■ EXERCISE DESCRIPTION: Pull from the data below each line where the word "with" occurs, and copy it.

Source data
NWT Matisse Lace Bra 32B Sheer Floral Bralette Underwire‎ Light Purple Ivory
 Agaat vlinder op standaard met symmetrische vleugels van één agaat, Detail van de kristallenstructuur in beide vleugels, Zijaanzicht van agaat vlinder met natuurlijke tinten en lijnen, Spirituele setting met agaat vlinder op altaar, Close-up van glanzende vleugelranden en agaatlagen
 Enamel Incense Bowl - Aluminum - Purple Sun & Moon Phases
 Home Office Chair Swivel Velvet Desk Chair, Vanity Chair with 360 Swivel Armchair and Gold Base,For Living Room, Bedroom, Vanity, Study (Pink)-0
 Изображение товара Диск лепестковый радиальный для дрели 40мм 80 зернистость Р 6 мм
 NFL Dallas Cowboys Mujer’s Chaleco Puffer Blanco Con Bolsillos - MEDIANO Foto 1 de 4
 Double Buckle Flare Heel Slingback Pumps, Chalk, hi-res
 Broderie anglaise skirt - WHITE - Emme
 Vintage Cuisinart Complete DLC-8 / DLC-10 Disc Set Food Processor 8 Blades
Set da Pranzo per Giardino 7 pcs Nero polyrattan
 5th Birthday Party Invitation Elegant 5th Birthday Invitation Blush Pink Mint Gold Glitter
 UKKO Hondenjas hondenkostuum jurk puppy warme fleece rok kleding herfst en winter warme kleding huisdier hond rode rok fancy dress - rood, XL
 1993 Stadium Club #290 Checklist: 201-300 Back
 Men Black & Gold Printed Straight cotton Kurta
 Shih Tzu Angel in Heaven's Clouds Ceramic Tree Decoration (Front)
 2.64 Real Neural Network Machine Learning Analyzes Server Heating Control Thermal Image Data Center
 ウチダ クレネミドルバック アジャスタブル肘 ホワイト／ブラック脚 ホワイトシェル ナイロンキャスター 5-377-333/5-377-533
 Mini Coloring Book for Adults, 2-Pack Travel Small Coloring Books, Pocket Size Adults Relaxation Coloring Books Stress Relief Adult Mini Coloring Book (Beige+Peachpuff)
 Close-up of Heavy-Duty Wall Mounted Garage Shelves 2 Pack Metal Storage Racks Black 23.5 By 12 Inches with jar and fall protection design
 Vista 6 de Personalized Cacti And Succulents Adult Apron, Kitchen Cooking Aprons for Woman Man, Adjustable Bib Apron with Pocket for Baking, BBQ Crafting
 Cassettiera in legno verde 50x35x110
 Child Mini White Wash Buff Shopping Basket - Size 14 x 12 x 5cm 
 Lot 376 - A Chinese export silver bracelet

■ WRITTEN ANSWER:
 Home Office Chair Swivel Velvet Desk Chair, Vanity Chair with 360 Swivel Armchair and Gold Base,For Living Room, Bedroom, Vanity, Study (Pink)-0
 Close-up of Heavy-Duty Wall Mounted Garage Shelves 2 Pack Metal Storage Racks Black 23.5 By 12 Inches with jar and fall protection design
 Vista 6 de Personalized Cacti And Succulents Adult Apron, Kitchen Cooking Aprons for Woman Man, Adjustable Bib Apron with Pocket for Baking, BBQ Crafting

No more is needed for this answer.